Через несколько дней в мехцехе появился еще один заключенный, инженер-механик, поляк из Варшавы – Антон Францевич Вальчек. Специалистом Вальчек был очень хорошим, великолепно чертил, по-русски говорил вполне прилично, правда, с неправильными ударениями и сильным акцентом. Срок Вальчек получил за создание и руководство антисоветской подпольной организацией в Польше. Наш гуманный Военный трибунал приговорил Вальчека к высшей мере – расстрелу, но приговор почему-то не утвердили и заменили смертную казнь десятилетним заключением в лагере строгого режима. Вальчек и в самом деле ненавидел все советское, большевиков особенно, но к нам, зыкам, относился терпимо. Он никак не мог понять нашего Сталина, который договорился с Германией поделить Польшу, государство славян, и с кем? – с Гитлером, арийцем и фашистом. И когда немецкие «юнкерсы» разрушали Варшаву, наша радиостанция «Коминтерн» выдавала немцам наводящие позывные, и это знали все поляки. Вальчек был твердо уверен, что расстрел шестнадцати тысяч польских офицеров в Катыни – дело рук советских органов. У нас с Вальчеком долго были очень хорошие отношения, даже товарищеские, но потом он повел себя по отношению ко мне не на должном уровне, и наши отношения стали прохладными, хотя до открытой ссоры дело не дошло.
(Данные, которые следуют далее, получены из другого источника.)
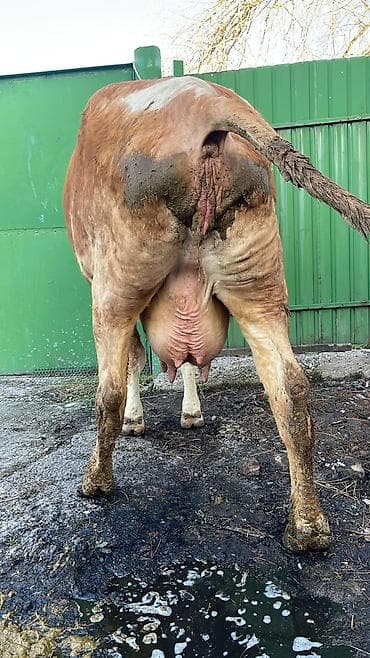 Үй жаныбарлары үчүн товарлар: Сатам | Уй (ургаачы) | Симментал | Сүт алуу үчүн — 5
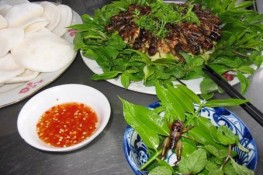 Món ngon từ... con dế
В общем, через месяц я вполне акклиматизировался в мехцехе, хотя Юра Рябовичев ушел в другой лагерь и вмес то него пришли другие люди. Рабочие дни на шахте потекли один за другим, похожие, как стертые монеты, день прошел – все к смерти ближе, шутили мы частенько... Но, откровенно говоря, в мехцехе работать было несравненно легче, чем в шахте или даже на поверхности – долбить мерзлую землю ломом, мы всегда имели возможность кинуть чернуху – посидеть за столами, заваленными чертежами, и потолкать байки из прошлой, далекой и вольной жизни или лагерные романы. К нам частенько наведывались «вольноотпущенники» – так мы называли бывших заключенных, – это были зыки, закончившие срок и не имеющие права выезда из Воркуты.